TASK OBJECTIVE: Extract only the first line of the listing and every line after it up to and including the one with "What is Chair Yoga". Omit the pictures.

EXERCISE INPUTS:
________________

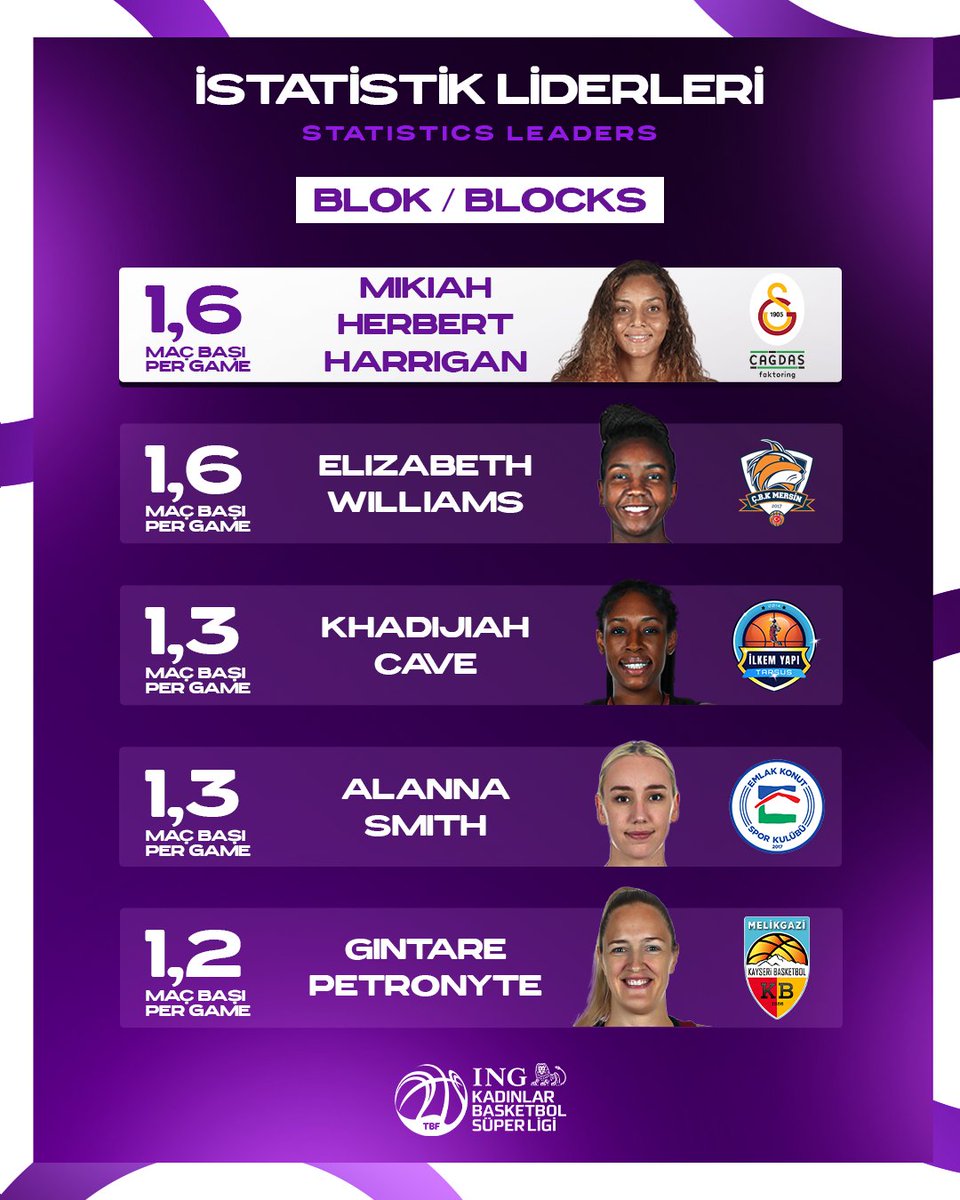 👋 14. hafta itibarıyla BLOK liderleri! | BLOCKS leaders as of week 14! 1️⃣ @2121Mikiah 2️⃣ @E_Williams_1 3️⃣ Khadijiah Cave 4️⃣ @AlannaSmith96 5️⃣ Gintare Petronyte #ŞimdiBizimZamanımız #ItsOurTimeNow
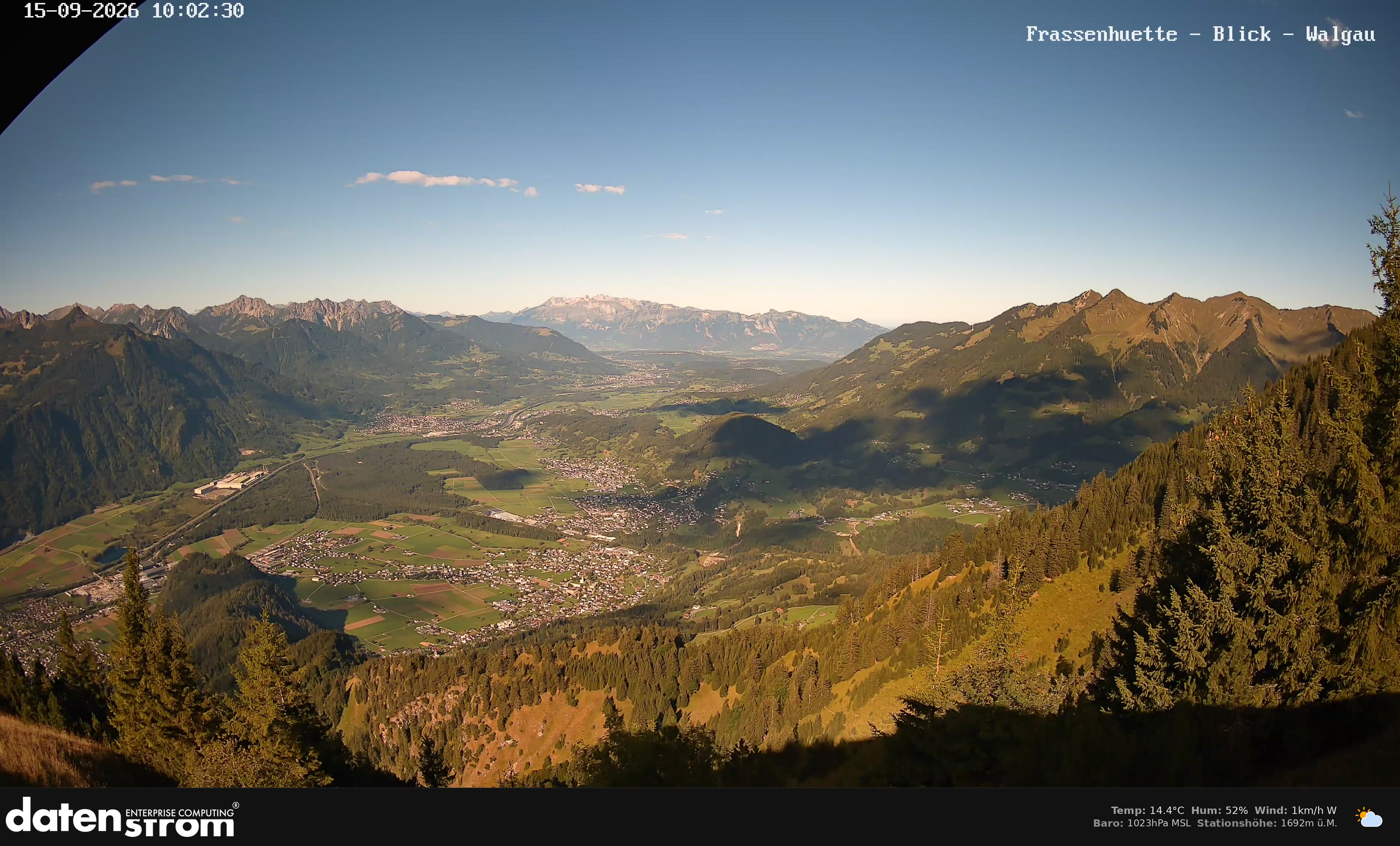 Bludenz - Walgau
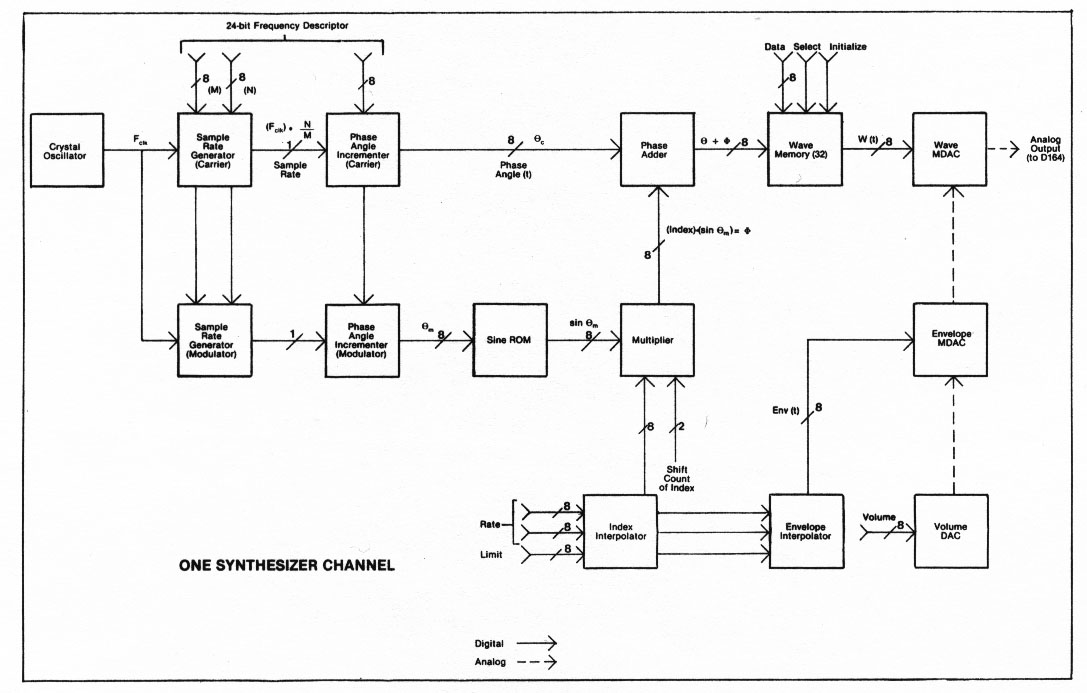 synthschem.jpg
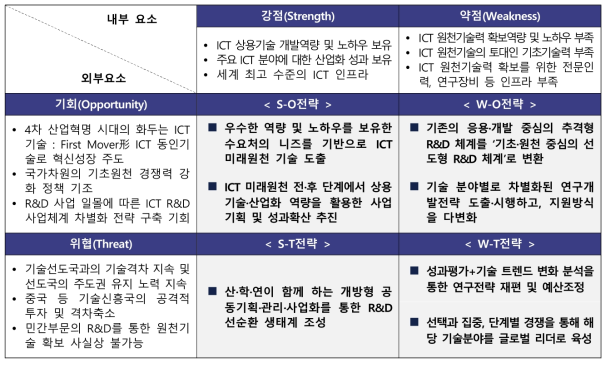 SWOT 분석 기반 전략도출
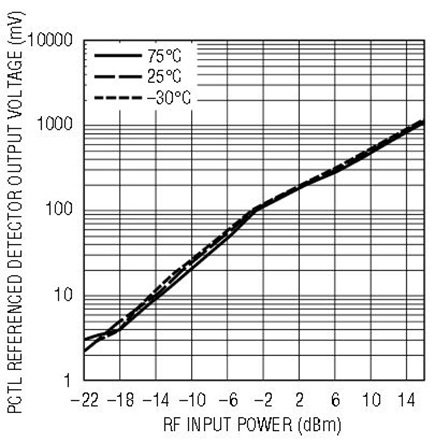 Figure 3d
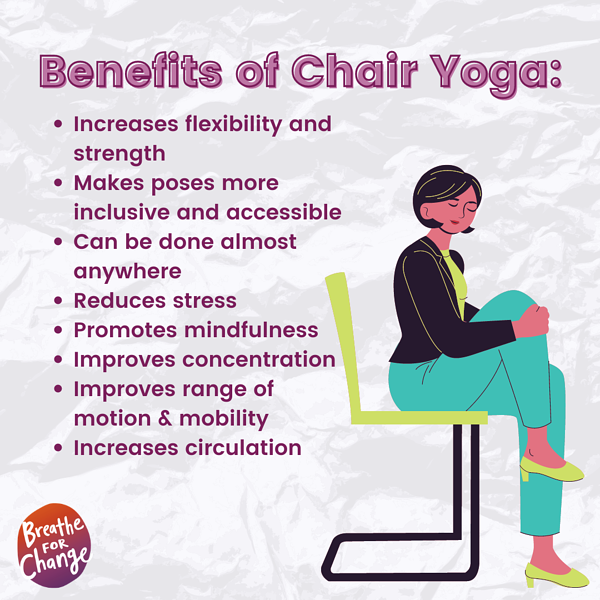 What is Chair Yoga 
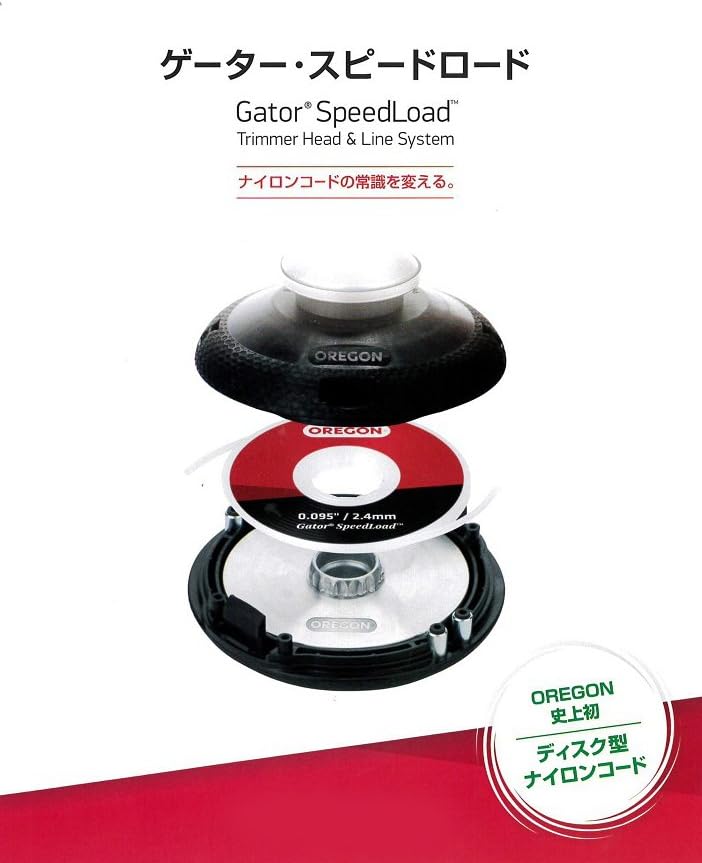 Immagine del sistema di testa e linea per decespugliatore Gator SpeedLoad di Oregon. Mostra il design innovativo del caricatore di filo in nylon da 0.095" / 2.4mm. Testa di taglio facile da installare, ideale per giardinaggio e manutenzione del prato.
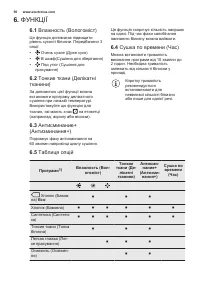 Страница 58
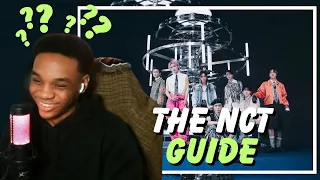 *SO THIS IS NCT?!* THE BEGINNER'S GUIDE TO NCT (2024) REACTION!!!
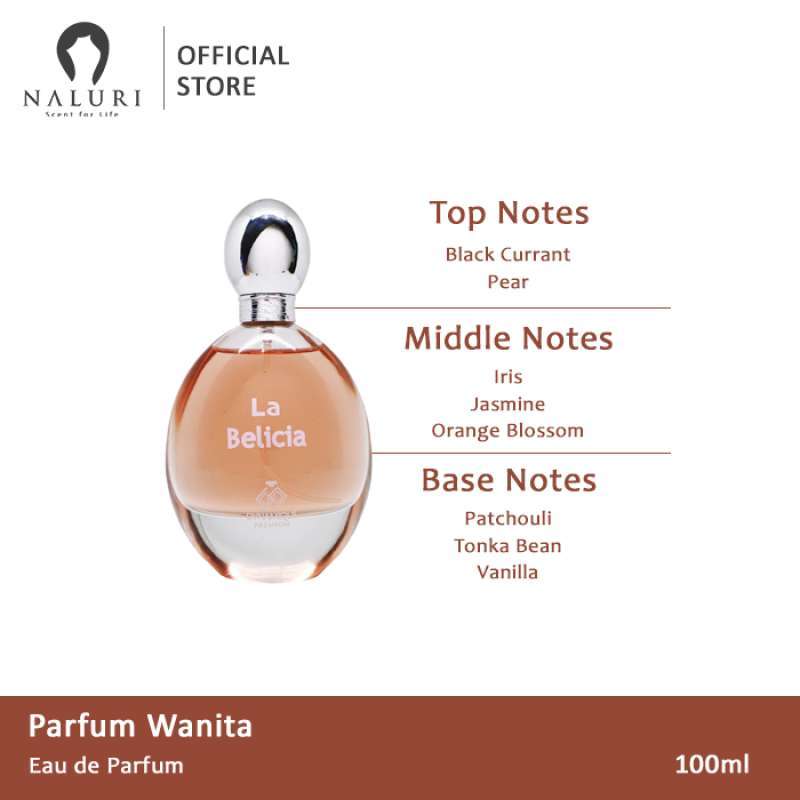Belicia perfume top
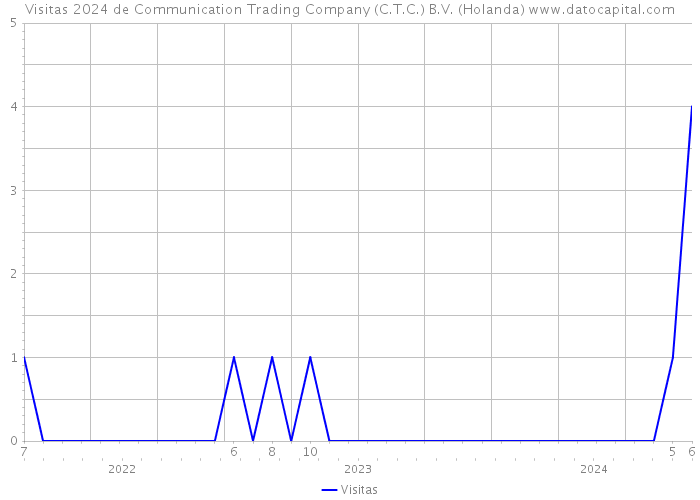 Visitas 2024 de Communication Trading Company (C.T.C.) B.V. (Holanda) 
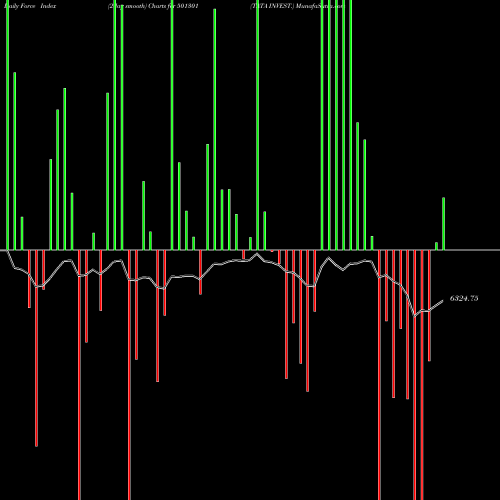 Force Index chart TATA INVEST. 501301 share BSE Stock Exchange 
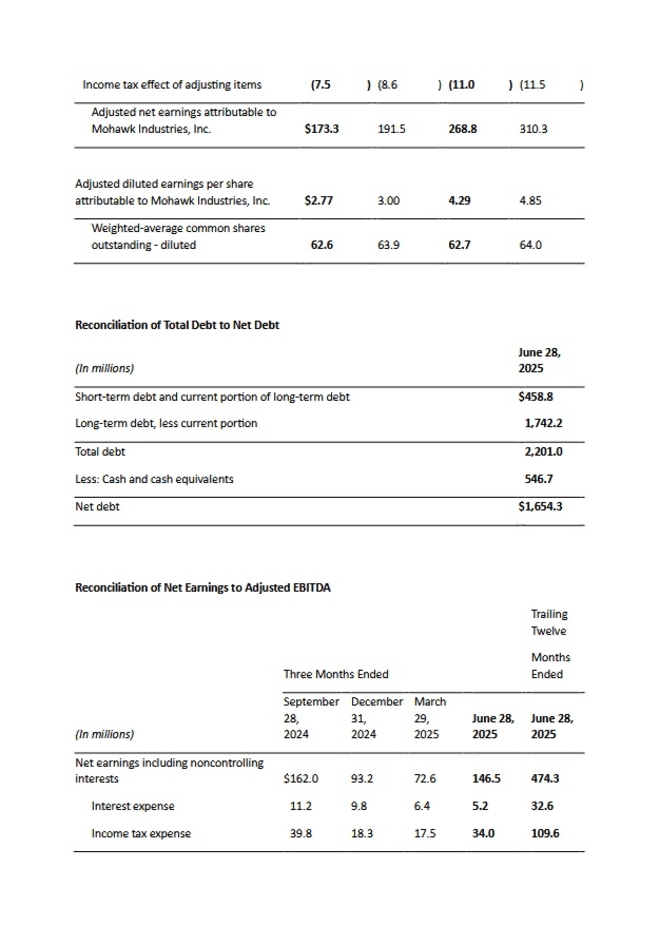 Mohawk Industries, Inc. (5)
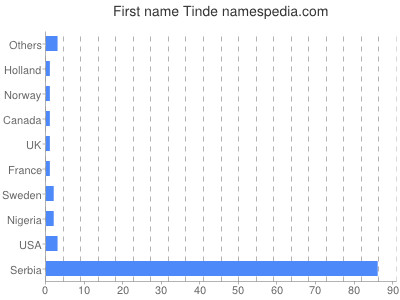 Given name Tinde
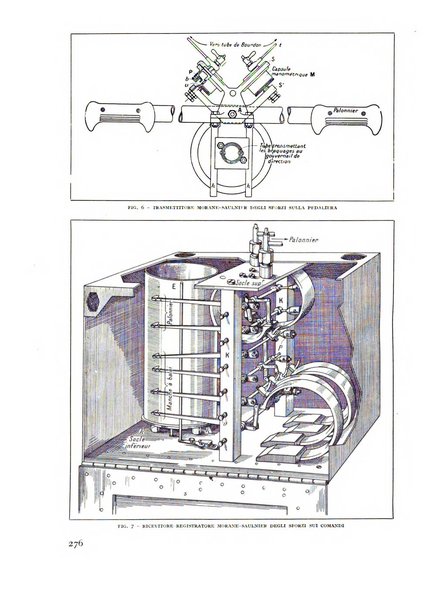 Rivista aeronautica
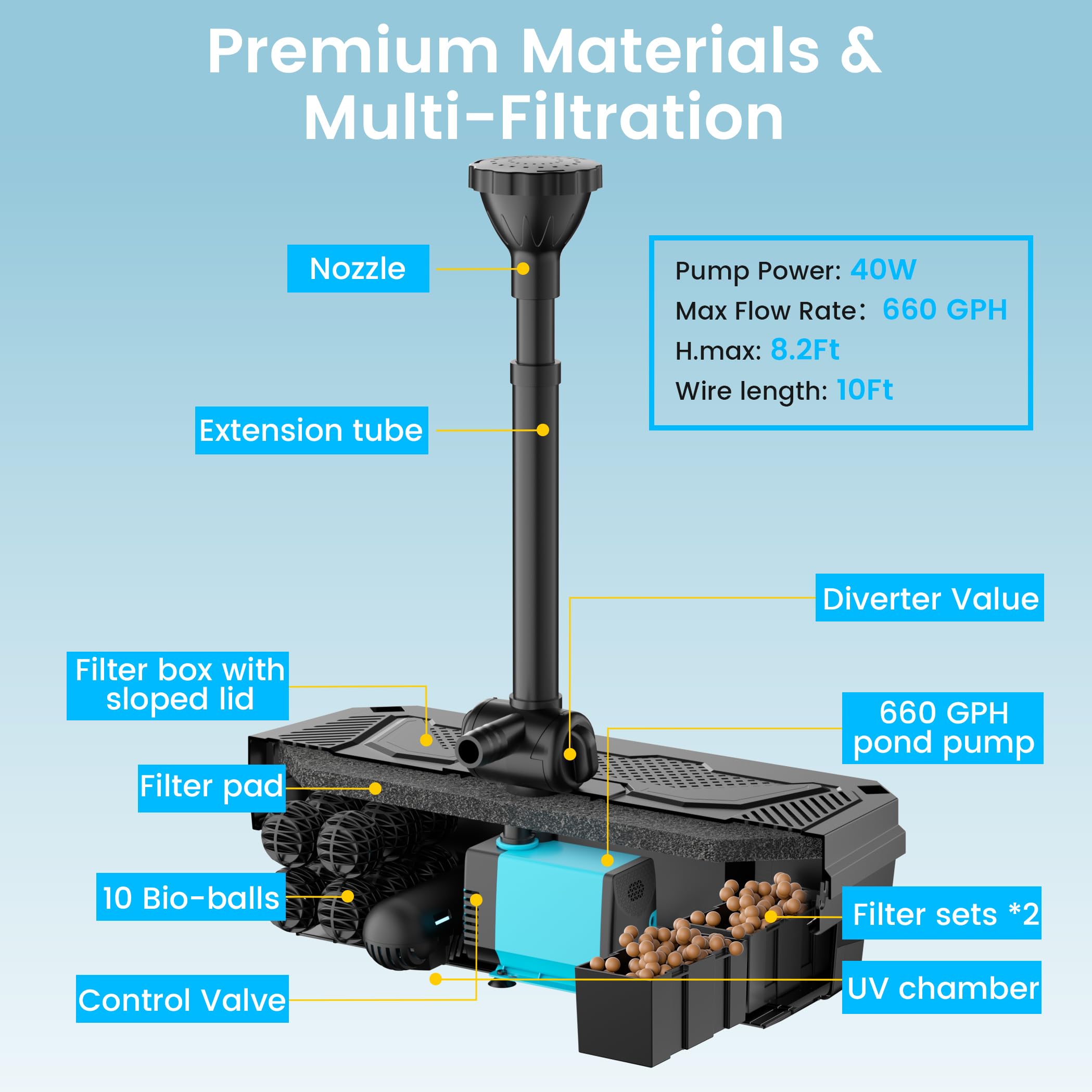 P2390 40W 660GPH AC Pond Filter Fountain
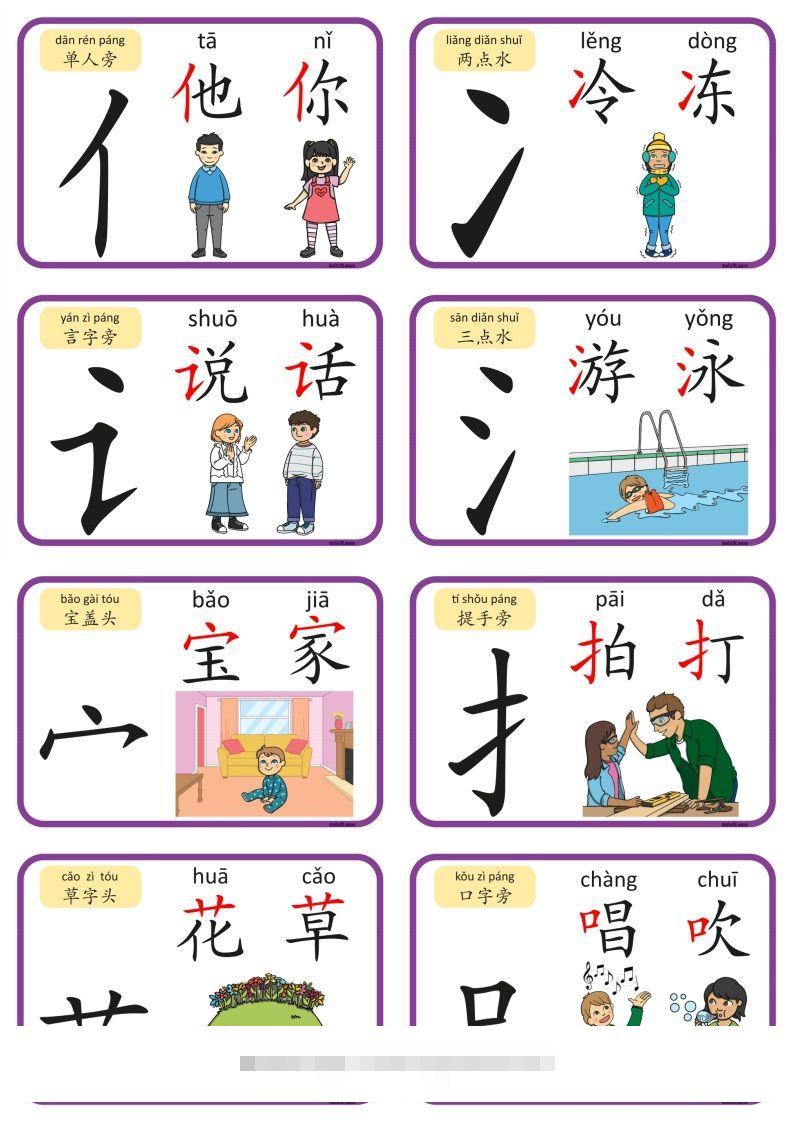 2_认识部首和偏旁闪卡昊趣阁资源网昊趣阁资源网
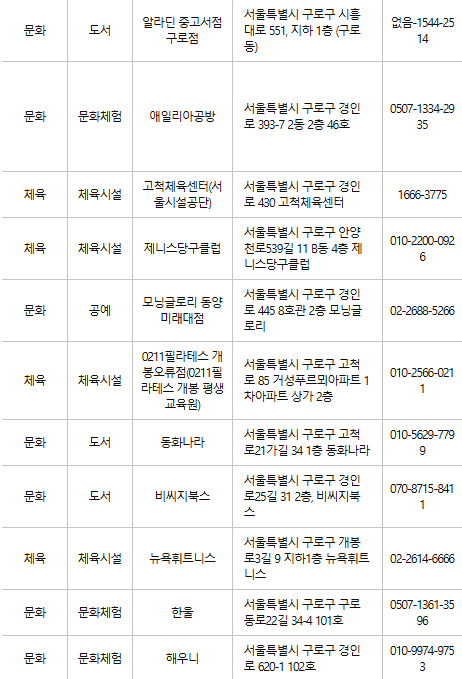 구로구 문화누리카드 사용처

________________

EXERCISE RESPONSE:
 👋 14. hafta itibarıyla BLOK liderleri! | BLOCKS leaders as of week 14! 1️⃣ @2121Mikiah 2️⃣ @E_Williams_1 3️⃣ Khadijiah Cave 4️⃣ @AlannaSmith96 5️⃣ Gintare Petronyte #ŞimdiBizimZamanımız #ItsOurTimeNow
 Bludenz - Walgau
 synthschem.jpg
 SWOT 분석 기반 전략도출
 Figure 3d
 What is Chair Yoga 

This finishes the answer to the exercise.